Thursday, June 18, 2009

Riding the storm out

The weather can change in a hurry and these evening thunderstorm patterns are not to be taken lightly. Fishing trips after work should be done with one eye on the weather. Case in point:

The MADshow decided to hit PX for an after work fish. This was more of a warm up than a production day and all we really wanted to do is hit a few fish. It was exactly as I expected…good numbers of post spawners. Nothing super huge but the lake treated us well most of the evening with a few bass here and there. The lake was in post spawn condition so the fish were on the skinny side and far less impressive compared to just a month ago. Nesting activity is nonexistent. Search casting required.

(Respectable PX bucket with storm clouds building in the background)

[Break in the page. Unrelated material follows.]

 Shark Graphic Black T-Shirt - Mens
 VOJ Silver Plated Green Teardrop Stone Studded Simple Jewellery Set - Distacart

When the bass didn’t want to seem to hit, I would shift over to bluegill with my panfish setup. I just drop it in and they nail it. The problem isn’t so much getting them to hit as much as finding the sunfish and gills with any relative size to them.

(Above: Most of the panfish are little “snackers” like this guy and can number in the hundreds or even thousands depending on the lake and season.)

(Above: This bluegill is a bit larger and sporting fantastic color. Really…this species of fish is super cool in my opinion. We are lucky to have such an amazing slice of fish diversity here in Colorado with these bluegill and sunfish.)

(Above: This is probably the largest panfish of the day and a beauty specimen. My obsession with these fish is well documented. How cool are those fin markings?)

Then the bank of dark clouds that we had been watching rolled right on top of us. First came the wind. Then came the thunder and lightning. By the time I reached the shoreline for cover, a deluge of rain opened up.

(Above: We were lucky for the most part and the majority of the storms missed us. Then this cloud showed up. We chose a good spot to hunker down in case of lightning, hail and even tornado action.)

Don carries a sturdy raincoat with his belly boat and my pontooner is outfitted with an umbrella (the rod and frame work is plastic). While everyone else pulled off the water completely, The MADshow hunkered down right there on the shoreline. We chose a bank of brush cover that sheltered some of the wind but clear of any large trees. We stayed clear of anything metal or conductive say a fence or power lines as well. The rain was heavy and coming down in sheets. All we could do was hunker down and wait it out. My pontooner and tackle bag were soaked. But the path of blue sky behind the dark wall of rain clouds was giving us hope.

“Once this rain stops…I bet the fish go nuts!” Don said staring through the rain at the lake in front of us.

That is exactly what happened. The rain let up and we shook ourselves off like a couple of wet dogs. First cast out and WHAM! Nailed a bass in the “Bucket Class”.

(Above: Sweet Bucket! This time of year I tend to look more for numbers of fish as opposed to targeting big fish exclusively. If you add up the double digit numbers of bass along with the multitude of panfish…I dare say that I easily caught one hundred fish. Not bad for 5 hours. That is a fish every 3 minutes.)

The water lit up after that and was virtually boiling with action. The panfish were popping bugs off the water surface nearly everywhere. Occasionally you would see a large boil from a larger predator fish. The action was peaking and we threw lures like it was the last day on earth to fish. Bam! Don hits a decent bass. Wham! I land decent bucket. Then another and then another. Holy cow I couldn’t seem to NOT get bites. Don launches a hail-Mary cast over to a large boil that opened up in the distance in front of him. A few cranks of the reel and his rod bent over.

“Good fish…” He muttered through gritted teeth as he slowly worked the fish in. The fish stayed low and we couldn’t see the actual size until Don had the fish pretty much landed.

The weather held for the rest of the evening and more anglers returned to the lake. By hunkering down instead of rolling off to the vehicles, we were able to jump right back in and cover quite a bit of water with the whole place to ourselves. In hindsight I should have brought one of the small tarps I keep in the truck. Then I could have spared some of my gear. Now I am looking at a full wipe down of bag, boat and rods after this trip. I learn something from every trip and this trip was definitely a reminder to get better rain gear ON HAND and not just in the vehicle. The umbrella was a lifesaver for sure but the tarp would have been better.

But that’s fishing. My name is Matt and I’m a fishaholic.